Zimbabwe’s Fired Deputy Mujuru Says Mugabe Party Ignoring Crisis

Joice Mujuru, Zimbabwe’s former vice president who was expelled from the ruling party this month, said the leadership of the organization that’s ruled the nation since independence in 1980 is ignoring an economic crisis.

The size of the economy has halved since President Robert Mugabe started a program of seizing white-owned commercial farms in 2000, slashing export income.
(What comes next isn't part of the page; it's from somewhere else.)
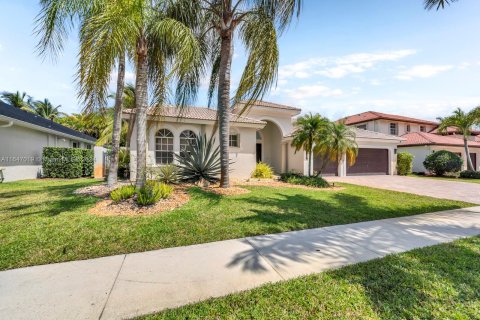 Villa ou maison à vendre à Miramar, Floride: 4 chambres, 287.25 m2 № 1329596 - photo 2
Wages for government workers now account for about 88 percent of the budget, according to the finance ministry, while foreign investment is being deterred by a law that says black Zimbabweans are entitled to a stake of as much as 51 percent in any company.

“Given the prevailing economic hardships, the looming food crisis and declining inflows to the fiscus, the Politburo’s silence on these matters is deafening,” Mujuru told reporters in the capital, Harare, Thursday, referring to the decision-making body of the ruling Zimbabwe African National Union-Patriotic Front.

Mujuru, who served in Mugabe’s first cabinet and became vice president in 2004, was stripped of her position in government in December when she was accused of trying to unseat Mugabe. She denied the allegations and said on Thursday that she refused to accept her expulsion from the party.

The 59-year-old fought in the liberation war against a whites-only government prior to 1980 and is the widow of Solomon Mujuru, who led Mugabe’s liberation forces and later commanded the Zimbabwean army.

Mugabe’s administration is waging a “relentless, unsubstantiated, malicious and hateful campaign” against her, she said.